In one early scene Conan discusses theology with his companion Subotei the archer. Conan speaks fondly of his warrior god Crom, stressing his power and roundly mocking his friend’s simple-minded animism (“Crom laughs at your four winds. Laughs from his mountain”). Subotei listens politely to Conan’s tirade and then points out that Conan’s god may well be powerful but in order to wield his power from his mountain he must walk beneath the sky, thereby making himself subject to Subotei’s divine winds and sky. This suggestion that organised religion is arguably inferior to a pantheistic respect for nature sets the tone for a script that relentlessly takes pot-shots at the idea of a divinely ordered universe.
Indeed, the film’s main bad guys are the leaders of an aggressively expanding snake cult. A cult that reveals itself to be little more than a retirement home for ageing barbarian raiders. Raiders who have figured out that, rather than riding around the landscape threatening people into giving up their goods, it is much easier to simply set up a temple and wait for people to surrender their money of their own accord. Not content with suggesting organised religion is nothing but a rogue’s retirement fund, Conan the Barbarian also goes out of its way to mock the icons of real world religions. For example, we have the infamous scene in which Conan is crucified on the Tree of Woe. But rather than allowing himself to die and for god to resurrect him like Jesus or Aslan, Conan refuses to accept his fate and so he eats a vulture and then gets his friends to make a pact with dark forces in order to bring him back from the dead. Similarly, the ‘Riddle of Steel’ comes across as a mockery of a Zen koan as not only is there an answer but the answer is that the source of all power in the world is not steel or magic or the gods but humanity.

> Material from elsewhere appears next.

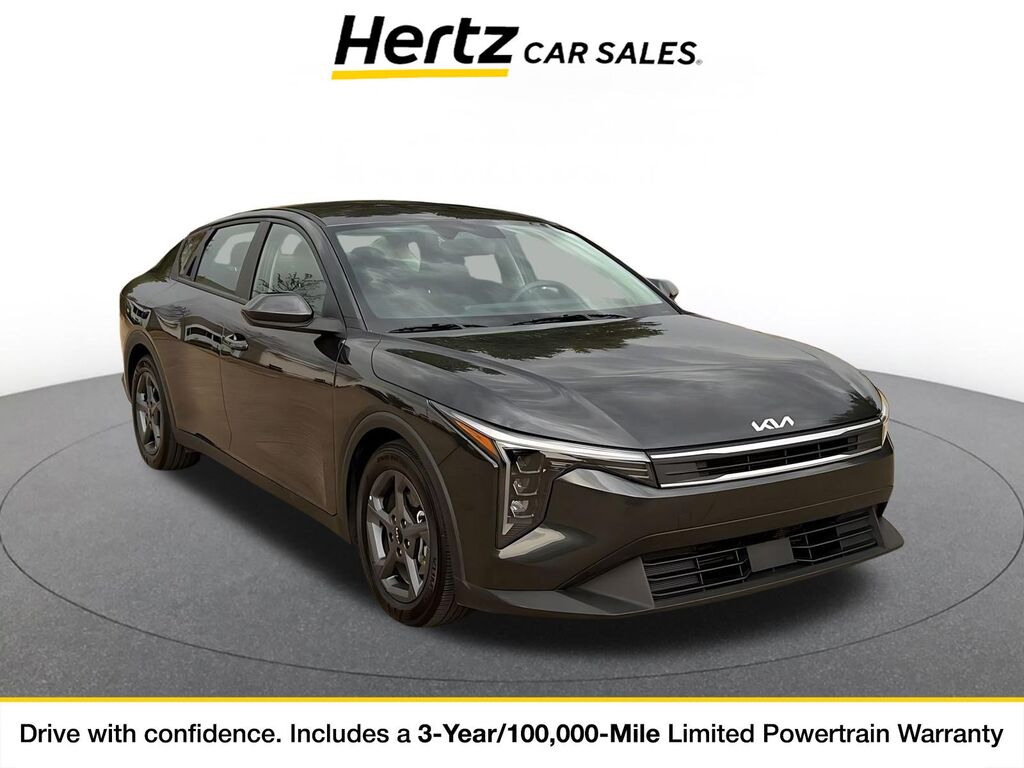 2026 Kia K4 LXS — photo 1 of 11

Even when Conan does pray to Crom he admits that he has no tongue for it and his prayer is less an act of supplication or veneration but a threat and an ultimatum : Grant me victory or to hell with you! Of course, Conan is granted his revenge but Crom’s presence is conspicuously absent from the battle. Crom, much like all non-existent deities, is evidently the kind of god who helps those who help themselves.
This sense of godlessness is arguably also present in the source material for Conan the Barbarian, the writings of Robert E. Howard and so it is delightful to see the same muscular atheism appear in a film featuring another of Howard’s creations : Solomon Kane. Michael J. Bassett’s Solomon Kane addresses the issue of God’s apparent absence head-on by asking whether, in a world where God does not exist but the Devil clearly does, is it ever possible for humanity to achieve redemption?